O antropólogo Mércio Pereira Gomes, que foi presidente da Funai (Fundação Nacional do Índio) nos quatro primeiros anos do governo Lula, admite que sofria "um dilema muito grande" no órgão diante da questão do infanticídio. Como cidadão, é contrário à prática, mas como antropólogo e presidente do órgão, discorda de uma política intervencionista.
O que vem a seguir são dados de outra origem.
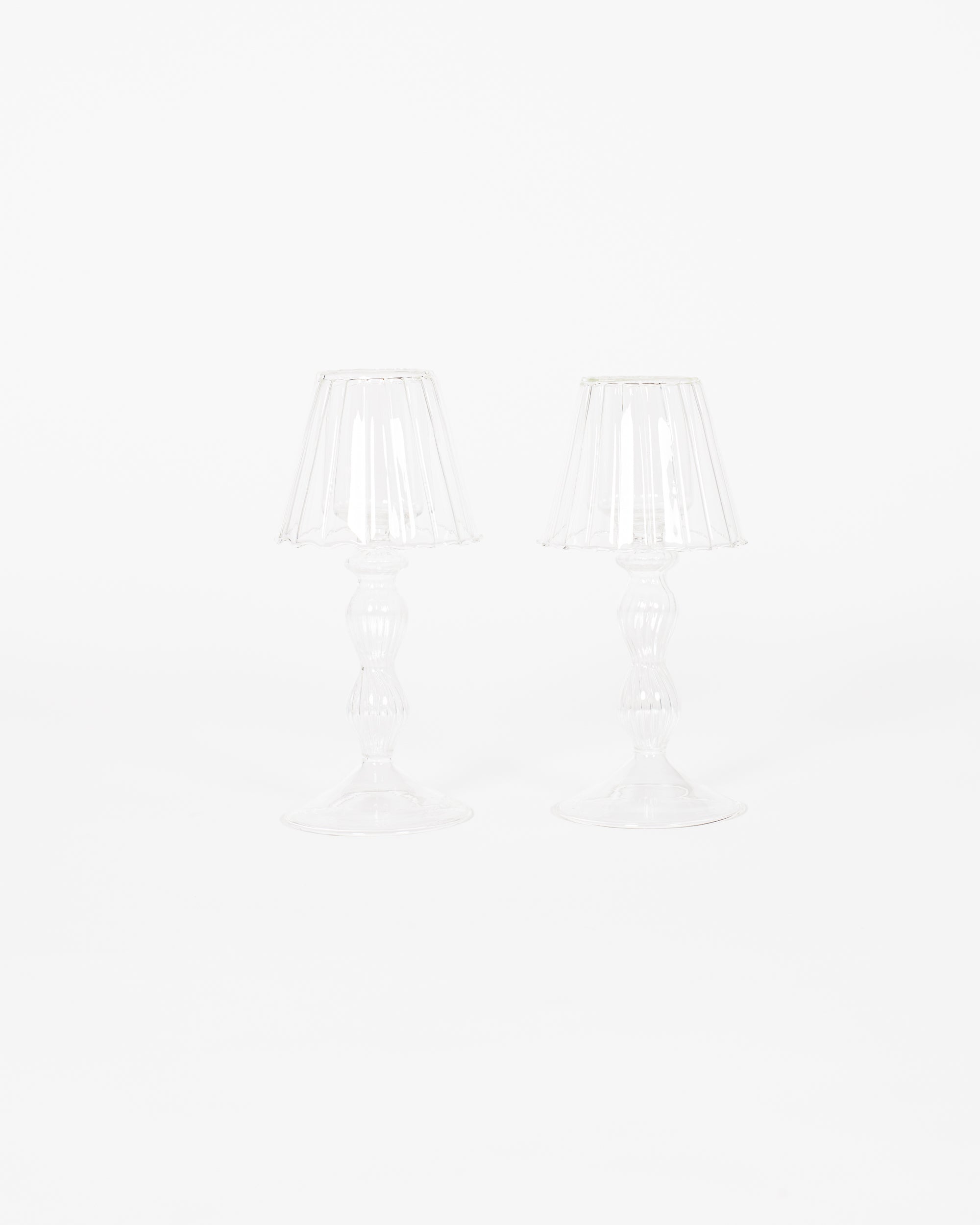 Glass Lantern Tea Light Holder - Set of 2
Segundo ele, há de cinco a dez mortes por infanticídio no Brasil por ano. Para tornar a política indigenista mais eficiente, Gomes afirma que a questão da saúde, hoje com a Funasa, deveria voltar para a Funai, de onde saiu em 1999.
Para as tribos, explica, o índio só considera um ser como pessoa quando ele é recebido pela sociedade. "Quando se pratica infanticídio, do ponto de vista cultural -não do biológico-, ainda não se está considerando um ser como completo. A antropologia analisa desse modo. Sob essa lógica cultural, não é uma desumanidade."

Segundo ele, a Funai "não toma uma posição" sobre o infanticídio, mas busca intervir em alguns casos. "Há uma busca de soluções, como a adoção."

Ele é descrente em relação aos efeitos de uma lei. "Quem vai poder fazer isso vai ser uma Funai com capacidade de dialogar."